13 mars 1943. Alors qu’il débute son travail au restaurant la Daurade, situé sur le Vieux-Port de Marseille, Albert, 20 ans, est interpellé par deux soldats allemands. Ils lui prennent ses papiers.
Avec des centaines d’autres jeunes, le Marseillais est contraint de monter dans un train à la gare Saint-Charles. Choqué et en détresse, il n’apprend sa destination qu’à l’arrivée. Il est débarqué à Ludwigshafen, ville où se trouve la principale usine de l’entreprise chimique allemande IG Farben (on y fabrique notamment le gaz Zyklon B utilisé dans les chambres à gaz).
Pendant dix-huit mois, le jeune homme est forcé à remplir des wagons de charbon, six jours sur sept, 10 heures par jour. Albert subit également les bombardements des Anglais et des Américains « en pensant chaque jour qu’il va y rester ». Il perd des milliers de collègues. Un jour, il est « pris par une bombe à retardement » qui explose et lui traverse entièrement le bras droit.
Albert Corrieri avait 20 ans quand il a été déporté en Allemagne. Photo DR..
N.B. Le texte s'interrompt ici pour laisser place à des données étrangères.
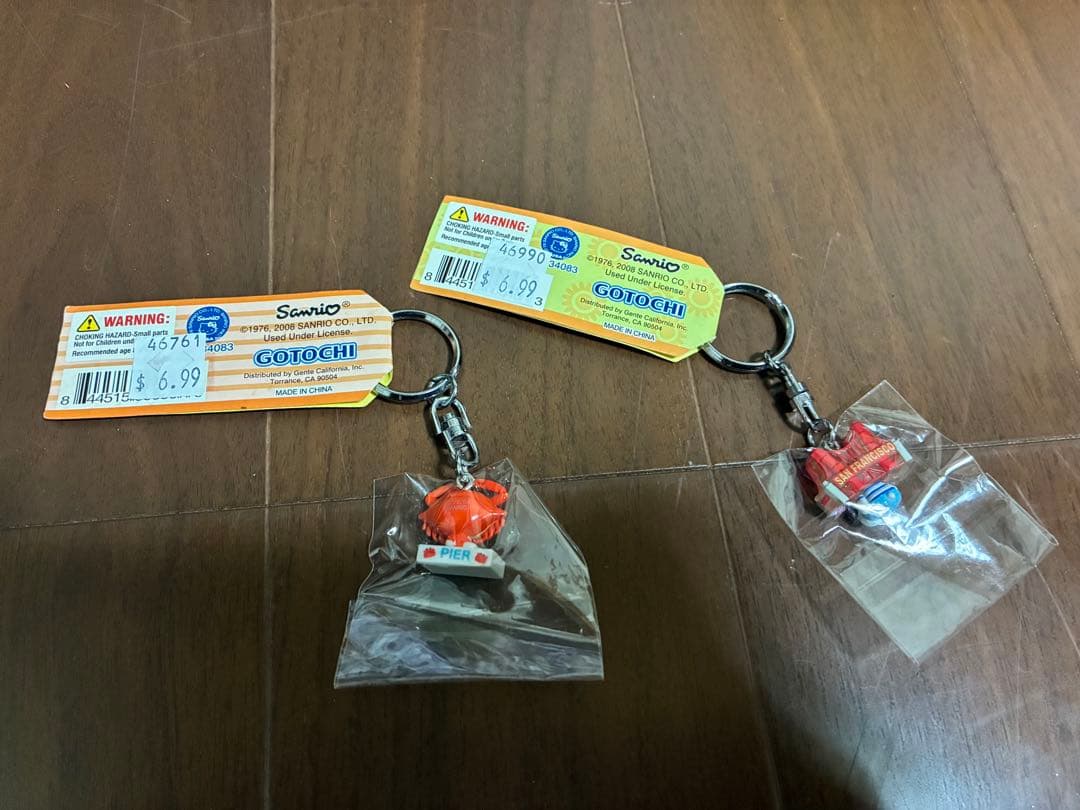 ご当地キティ　キーホルダー　サンフランシスコ　2個セット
« Des représailles envers ma famille »
À 200 kilomètres de là, c’est au tour d’un autre jeune homme d’être contraint de monter dans un convoi, cette fois-ci en gare de Nice. Erpilio a déjà reçu deux convocations auxquelles il n’a pas répondu. Mais le troisième courrier ne lui laisse plus le choix: « On me priait de me présenter instamment à l’adresse indiquée et si je ne le faisais pas, des représailles pouvaient être exercées envers ma famille. Il citait père, mère, frère ou sœur. »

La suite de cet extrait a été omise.